9. The method of claim 8, wherein the segmentation head produces, for each pixel, a value between 0 and 1, with 0 indicating no defect and 1 indicating defect, the value representing a likelihood that a corresponding pixel depicts a defect in the product.
10. The method of claim 9, wherein the segmentation head produces the heatmap by applying a variable threshold filter, which identifies a pixel as depicting a defect in the product if the corresponding value for the pixel is greater than a variable threshold, wherein the variable threshold is determined based on an identification of a value at which a number of samples for the pixel having the value dropped significantly.
11. The method of claim 8, wherein the combining outputs comprises concatenating the outputs.
12. The method of claim 8, wherein the combining outputs comprises weighting each output based on a learned optimal ratio for the plurality of patch description networks.

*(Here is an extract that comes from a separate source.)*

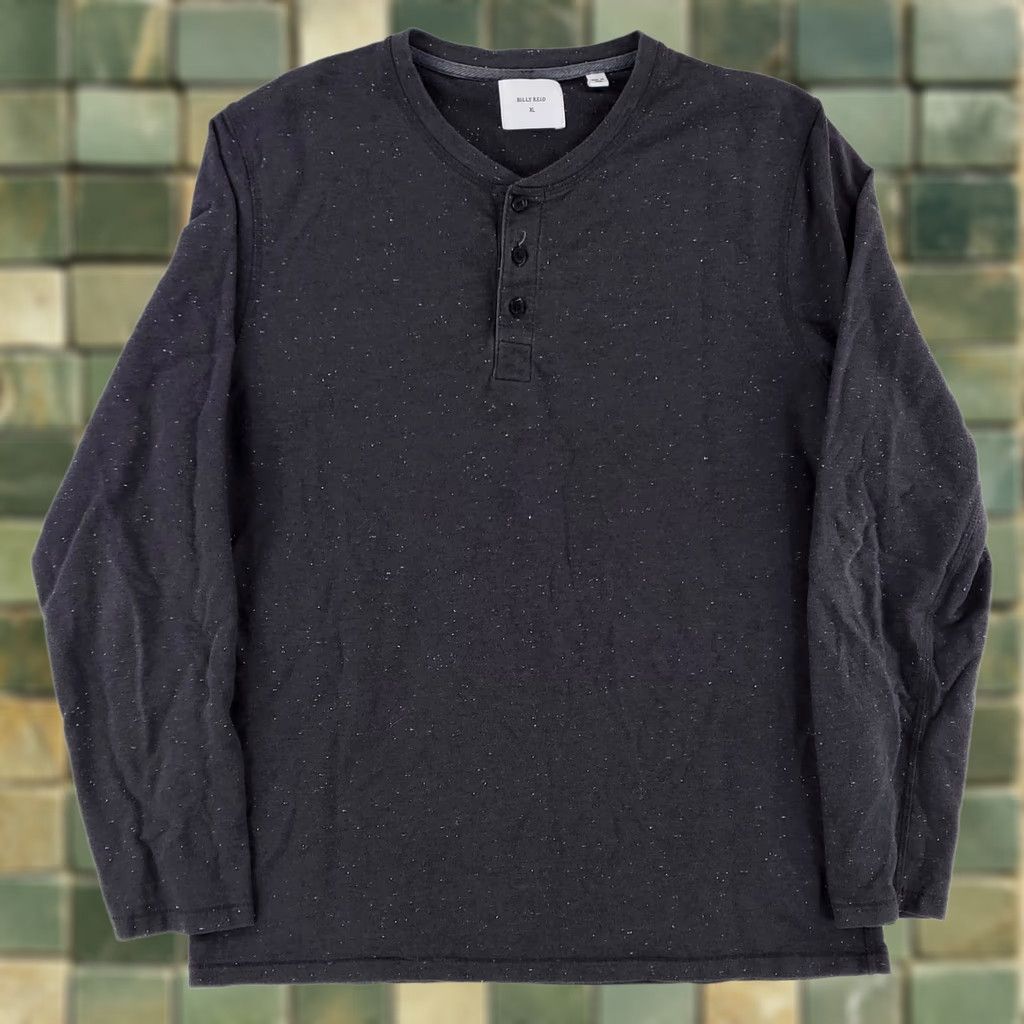 Billy Reid Billy Reid Speckle Knit Henley Pullover Shirt Gray Long Sleeve Mens XL Size US XL / EU 56 / 4 - 1 Thumbnail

13. The method of claim 8, wherein the preprocessing comprises passing the image through a segmentation machine learning model.

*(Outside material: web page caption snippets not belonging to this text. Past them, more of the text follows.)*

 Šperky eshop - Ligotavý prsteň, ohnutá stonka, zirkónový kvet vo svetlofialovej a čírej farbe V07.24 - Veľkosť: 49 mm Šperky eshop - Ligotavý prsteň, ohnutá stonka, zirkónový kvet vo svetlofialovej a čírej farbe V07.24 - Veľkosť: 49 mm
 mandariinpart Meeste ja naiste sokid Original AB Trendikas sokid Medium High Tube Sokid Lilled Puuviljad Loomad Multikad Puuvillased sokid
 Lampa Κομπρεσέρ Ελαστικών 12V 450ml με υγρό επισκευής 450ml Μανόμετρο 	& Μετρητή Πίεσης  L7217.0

14. The method of claim 8, wherein the plurality of patch description networks are part of a student machine learning model trained from output of a teacher machine learning model.
15. A non-transitory machine-readable storage medium having embodied thereon instructions executable by one or more machines to perform operations comprising:
accessing an image of a product;
preprocessing the image by removing a background portion not containing the product;
passing the preprocessed image, in parallel, through a plurality of patch description networks, each patch description network being a neural network having a different receptive field size and containing a plurality of convolutional layers, wherein a final layer in each patch description network being a deformable convolution layer;
combining outputs of the plurality of patch description networks into a combined output; and
passing the combined output to a segmentation head to produce a heatmap for the image, the heatmap identifying pixels in the image likely depicting a defect in the product.
16. The non-transitory machine-readable storage medium of claim 15, wherein the segmentation head produces, for each pixel, a value between 0 and 1, with 0 indicating no defect and 1 indicating defect, the value representing a likelihood that a corresponding pixel depicts a defect in the product.
17. The non-transitory machine-readable storage medium of claim 16, wherein the segmentation head produces the heatmap by applying a variable threshold filter, which identifies a pixel as depicting a defect in the product if the corresponding value for the pixel is greater than a variable threshold, wherein the variable threshold is determined based on an identification of a value at which a number of samples for the pixel having the value dropped significantly.
18. The non-transitory machine-readable storage medium of claim 15, wherein the combining outputs comprises concatenating the outputs.
19. The non-transitory machine-readable storage medium of claim 15, wherein the combining outputs comprises weighting each output based on a learned optimal ratio for the plurality of patch description networks.
20. The non-transitory machine-readable storage medium of claim 15, wherein the preprocessing comprises passing the image through a segmentation machine learning model.